Lá vão, a viajar desde sempre, pelas matas, rios, grotas e paisagens de Goiás, os deuses que habitam a alma brejeira de Antônio Poteiro. Sensibilidade telúrica Macunaíma ou Saci, a fazer malabarismos e traquinagens para “não esbarrar na precisão”, Poteiro, de caboclo brejeiro a artista admirado em todo o mundo, tem sua saga de viver e sua arte retratadas pelo artista inglês Rodulfo, com maestria de quem domina o seu ofício. Com que leveza e precisão ele deu forma e movimento ao que foi, é e continuará a ser este grande artista brasileiro!

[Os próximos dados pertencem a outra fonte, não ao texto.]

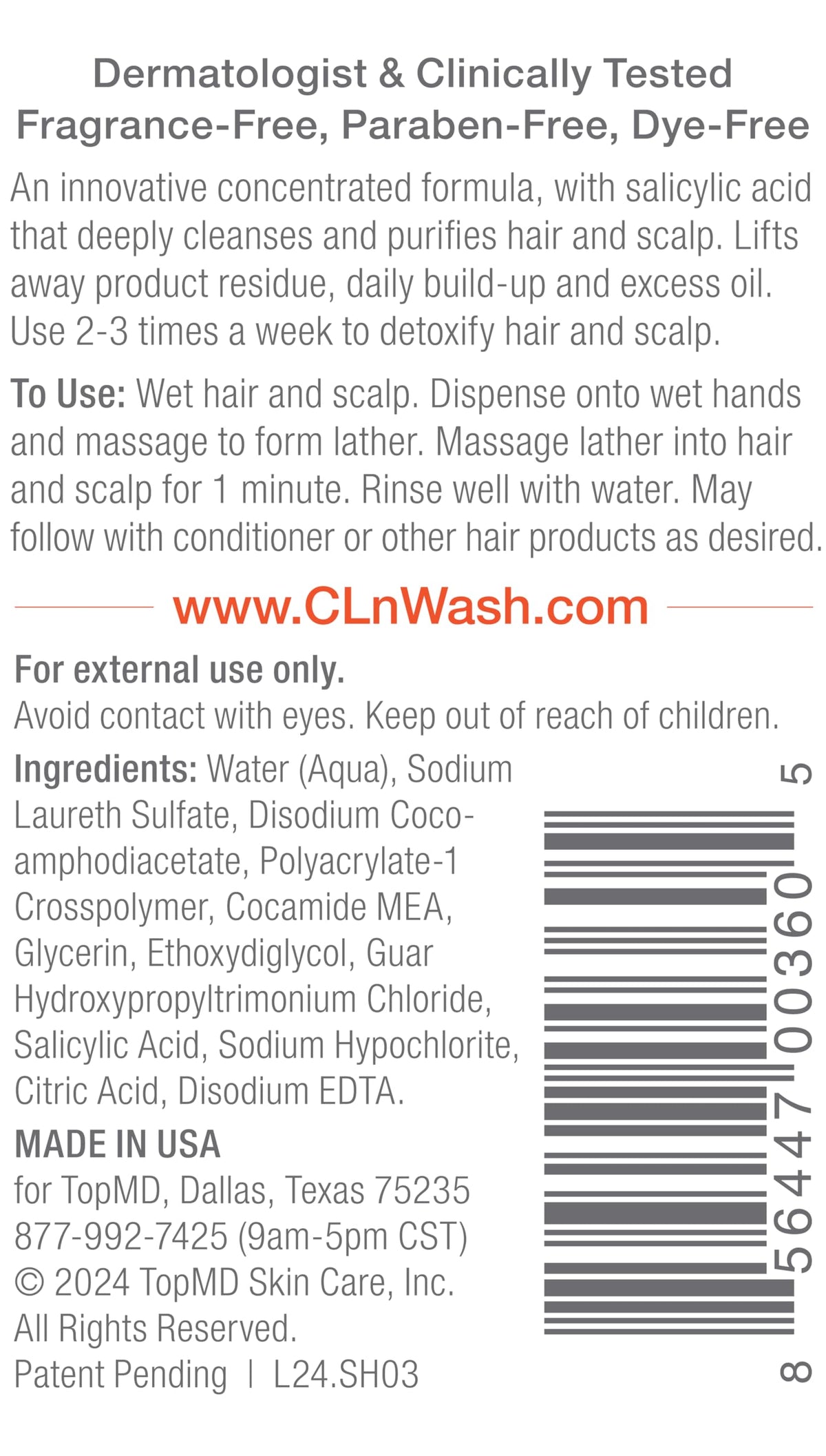CLn shampoo pour texture demonstrating gentle, clarifying consistency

      “Ah! Velho mago!/Enfeitiçaste o barro!/Bom e antigo barro/que sonhava ser cova de semente/e corpo de tijolo”. Mas até o mais humilde tijolo ou adobe sonha ser melhor do que ele mesmo. Sonha, por exemplo, ser sublime, estando em alguma parte da Catedral de Chartres. Ou nas maravilhas erguidas pelo engenho humano, tendo lampejos da eternidade, a partir de seus sonhos! “Enfeitiçaste/com teus sortilégios/a cor que espreguiçava no mundo”, diz o poeta Aidenor Aires: “Agora, vê o espelho/de tua traquinagem! A cor não se contenta/em ser primavera, em ser manhã/em ser noite ou floração;/toda cor do mundo se rebela/e vem virar milagre;festa e pão;no território de tua casa/no latifúndio de tua mão”.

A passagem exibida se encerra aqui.